The Social Brain

November 13th, 2008

I had the opportunity to attend a great talk by Professor Clive Gamble at the University of Pennsylvania Museum of Archeology and Anthropology:

“Breaking the Mind Barrier: The Archeology and Evolution of Our Social Brain” with Professor Clive Gamble, Co-Director British Academy Centenary Project, Thursday November 13, 2008 6:00 PM, The University of Pennsylvania Museum of Archeology and Anthropology, http://www.museum.upenn.edu/gamble

Ideas I collected from the presentation
Restated (maybe misstated) by me, not quotations by the presenter.

Socialization mediated by tools / technology.  Emotion as a basis for social cohesiveness.  Getting group size to 150 required language.  Developed along with increase in brain size.  Childhood development; 3-year-olds think that other minds are thinking the same as theirs.  Five-year-olds recognizes the existence of other minds that think differently.  Understanding the existence of other minds that think differently is necessary for the development of empathy, guilt and next order emotions.  These emotions are what create group cohesiveness.  Therefore in order to have a group size of 150 the mind must be developed to recognize the existence of other minds that think differently.  This is a higher order development above self-awareness.

  1. Self-Awareness
  2. Three-year-old children who recognize the existence of another mind.  (This is why 3 year-old children can’t lie).
  3. Five-year-old children who recognize the existence of another mind that thinks differently than their own.

My Thoughts

One consequence of this evolutionary development is the importance of the affective aspects of social computing.  Technology mediated socialization is based on the emotions that hold people together.  MySpace and Facebook have obvious affective components for maintaining cohesiveness of a group.  This is particularly evident in adolescents’ use of the system for socialization.  Complaints from friends that I should stop posting work stuff and only post fun stuff to Facebook is consistent with this.  In posting work-related content I am inconsistent with the more affective kinds of bonds that form around personal content. How can this inform the design of collaborative support for open-notebook science?

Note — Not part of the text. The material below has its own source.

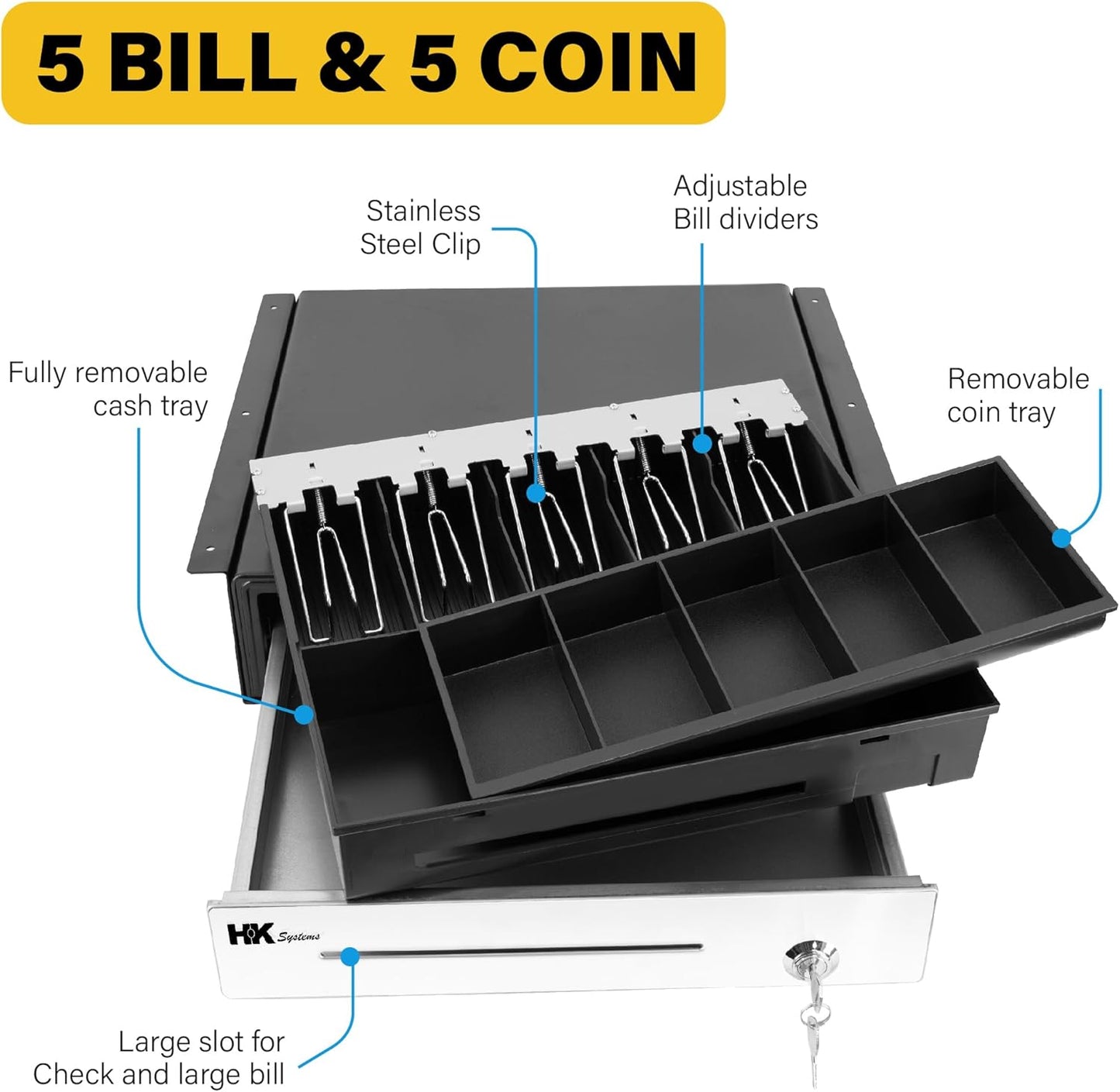 HK SYSTEMS 16""Stainless Steel" Front Heavy Duty Black POS Cash Drawer with 5Bill/5Coin with Under Counter Mounting Metal Bracket and Till Cover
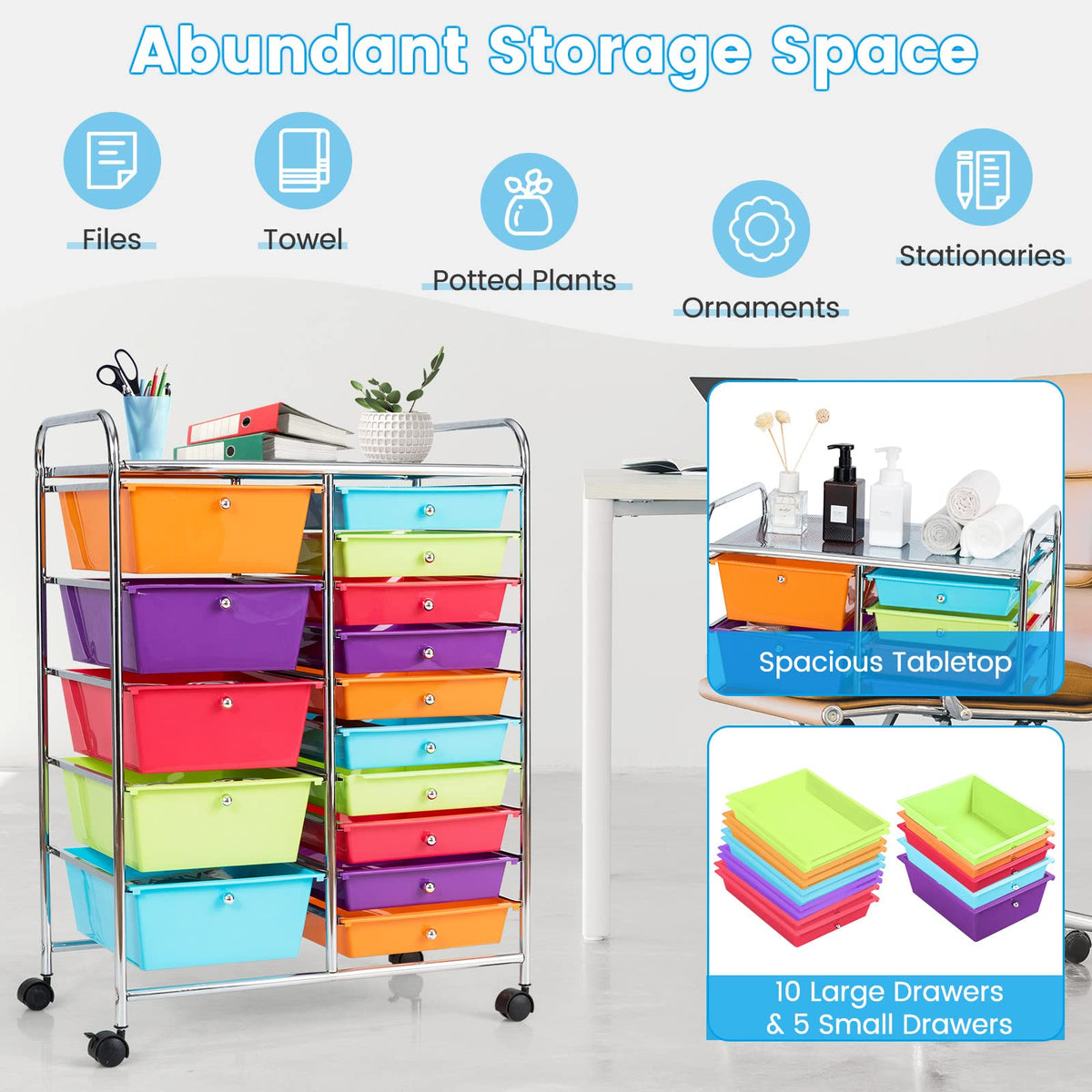 15 Drawer Rolling Storage Cart K190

Chemistry sites are potentially less emotive than Facebook style collaboration for users who treat them as pure reference systems yet chemistry sites are potentially more emotive than Facebook for users who are moving the field forward.  To make scientific collaboration successful it may be necessary to engage users in a personal level in debates and opinions.

Visualization and knowledge maps can support this kind of engagement with the content by helping to make the debates more explicit.  This will allow users to situate themselves within the group’s emotional structure rather than simply the hierarchical or relation-clustering structures.  Ultimately this can lead to users having stronger feeling about their contributions in the group.  How does the limit of 150 relationships fit into this?  It was interesting to see this number 150 come up three days in a row: Tuesday while reading the November issue of Communications of the ACM, Wednesday during the meeting with Professor Bradley, Thursday on the slides during this presentation.  It is probably worth digging deeper to see if this number is being used correctly or if it has taken on a life of its own in scientific discourse.